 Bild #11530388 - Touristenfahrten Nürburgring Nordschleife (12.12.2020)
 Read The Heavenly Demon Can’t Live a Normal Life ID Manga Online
※ ※ ※
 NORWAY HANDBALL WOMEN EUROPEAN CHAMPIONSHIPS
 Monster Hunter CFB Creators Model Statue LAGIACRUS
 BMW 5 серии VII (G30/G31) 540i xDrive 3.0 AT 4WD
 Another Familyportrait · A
※ ※ ※
Produce a word-for-word copy of everything above from the line holding "Monster Hunter CFB" down to the line holding "Another Familyportrait · A", with both of those lines kept.

REPLY:
 Monster Hunter CFB Creators Model Statue LAGIACRUS
 BMW 5 серии VII (G30/G31) 540i xDrive 3.0 AT 4WD
 Another Familyportrait · A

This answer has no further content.